# Alternative Ideas for Track Ballast



## seabilliau (Dec 12, 2011)

I just finished painting my 4x4 table and will be setting up my O-27 on it. I'll be posting a thread covering making of it soon. Anyway, there isn't going to be any theme, just whimsy, general mendacity, and all the fun that fits. 

I'd like to get ideas for alternatives for track ballast. I'm not committing to anything yet, but would just like to get everyone's crazy ideas for what might work other than cork, hobby store bought ballast, or the premade foam. Not saying I'll use your idea, but any suggestions from left field, or for that matter, the parking lot are welcome.


----------



## shaygetz (Sep 23, 2007)

Fine, colored aquarium gravel...preferably chartreuse, fuchsia or sky blue pink...


----------



## sschullery (Feb 15, 2012)

I've heard that you can buy bags of that little gravel that they use on shingles--roofing gravel, or some such, at construction suppliers.

Steve


----------



## T-Man (May 16, 2008)

Kitty Litter new not used, try this link.


----------



## Carl (Feb 19, 2012)

Kitty liter works great......if your cat can not get to your layout


----------



## Handyandy (Feb 14, 2012)

After years of gluing down ballast on train layouts, I wanted to try something less messy on my O-27 layout. I cut raised roadbed from scraps of Masonite paneling and used a palm sander with course paper to round over the edges (mess was left in the shop and not on the layout!). I painted it with light gray acrylic craft paint, but since then I've found a textured spray paint that looks like stone from Rust-oleum. I'm thinking I may pull out the roadbed strips (not glued down, held in place with track mounting screws, extra tied not yet glued down either) and repaint with that stone looking spray paint.
http://rustoleum.com/CBGProduct.asp?pid=79


----------



## AG216 (Sep 28, 2011)

Today I am using ballast, but in my early days of modeling I was using absorbs it
is a oil absorb granules, the idea was keep the track dry as well.

Andre.


----------



## Big Mike (Dec 2, 2011)

AG216 said:


> Today I am using ballast, but in my early days of modeling I was using absorbs it
> is a oil absorb granules, the idea was keep the track dry as well.
> 
> Andre.


this would work, if you can control the dust produced by this product, it is smaller in size and is closer to the right color than kitty litter.

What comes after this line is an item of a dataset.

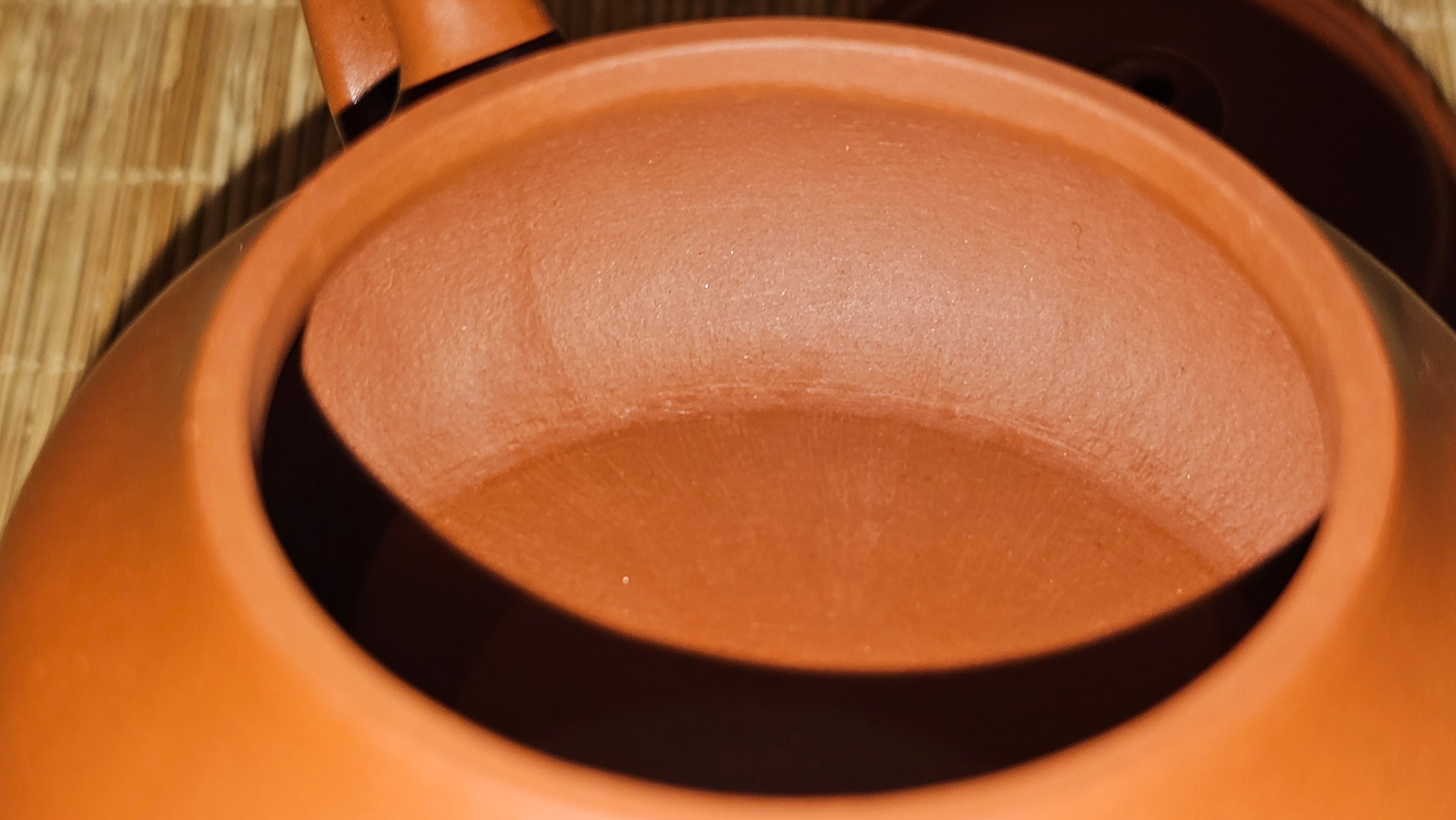 Ming Lu 明炉, 131.5ml, Xiao Mei Yao Zhu Ni 小煤窑朱泥, by our Collaborative Craftsman Wang Xing 王兴 ~ Congratulations to Ms F.W.! 1306hrs 20th July, Berlin, Germany 🇩🇪.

colored sand also works ok, but is better suited for an HO layout. JMO..........mike


----------



## seabilliau (Dec 12, 2011)

Handy,
I like your idea of a solid piece rather than a gravel type. I'm not apposed to gravel, I just have this image in my head of what I'd like and though I can't see it clearly, it's more of a solid bed rather than a gravel type.

Thanks for everyone's input!


----------



## AG216 (Sep 28, 2011)

Big Mike said:


> this would work, if you can control the dust produced by this product, it is smaller in size and is closer to the right color than kitty litter.
> 
> colored sand also works ok, but is better suited for an HO layout. JMO..........mike


Agree is dusty but you can control it shaking it or casting.
AG.


----------



## lionellines (May 18, 2011)

You don't say whether your layout is toy-ish or high rail-ish. If it's toy-ish in looks, gray carpet padding would look good and reduce noise at the same time.


----------



## seabilliau (Dec 12, 2011)

It's definately toy. I like the carpet idea but I'm worried about fibers... I hear tell a fiber rich diet isn't good for trains :laugh::laugh::laugh: hwell:


----------



## lionellines (May 18, 2011)

The carpet pad I referred to does not have fibers that would get into and damage a train. I just recently bought some for use under a new oriental rug. The carpet pad is a medium dark gray color with darker flex randomly dispersed through out. It had a no-skid rubbery material on the bottom. It's the perfect height for ballast and cuts very easily with a utility knife. Not expensive at all, either.


----------



## seabilliau (Dec 12, 2011)

Do you have a picutre or a brand/type name?


----------